On the way home from the movie theatre, our exchange student from Germany commented that there are way too many fat people in movies and TV shows and even cartoons who happen to be German. Add that to the current rash of movies about the Nazi era, and one would feel a bit awkward being German in America just now.
So it's no surprise that she did not want to see "Doubt" with us since she is also Catholic! From the trailers, the movie appears to be another Catholic-bashing vehicle, with Meryl Streep playing a dour, spiteful nun, and Phillip Seymour Hoffman a misguided/misunderstood/miscreant (you will wonder about this all through the movie) priest.
Let me begin by saying that these are Oscar-level performances, and Amy Adams as the naive, trusting nun is no slouch, either. But, for me, the movie raised far more questions about my own faith than it did about Catholicism. My faith, the Unitarian Universalist faith.
The film begins with a homily given by the genial priest who serves a parish as well as a middle school. It's all about doubt. Bottom line: it is doubt that makes us human, uncertainty that unites us and keeps us humble and real. Doubt is not a bad thing. It's good.
Needless to say, this homily triggers the suspicions of Sister Aloysius (Streep) who becomes more and more convinced that the priest is talking about his own doubt in himself, and who targets him in a kind of gender-reverse witch hunt.
I won't reveal the end, even though it is subtle and far from shocking.

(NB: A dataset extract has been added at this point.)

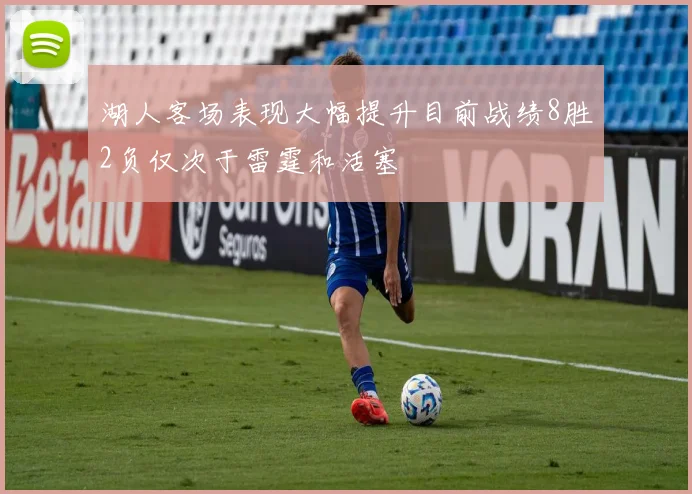 湖人客场表现大幅提升目前战绩8胜2负仅次于雷霆和活塞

But the story line is tight and the acting thoroughly convincing. It's a film about humanity, and there will be no doubt, by the film's end, that the way of questioning, what I call the UU way of "living with uncertainty" is far better for our souls than unwavering commitment to any set of guidelines, rules, commandments, or dogmas. It's not an anti-Catholic movie so much as an anti-certainty movie. See it and see whether you agree.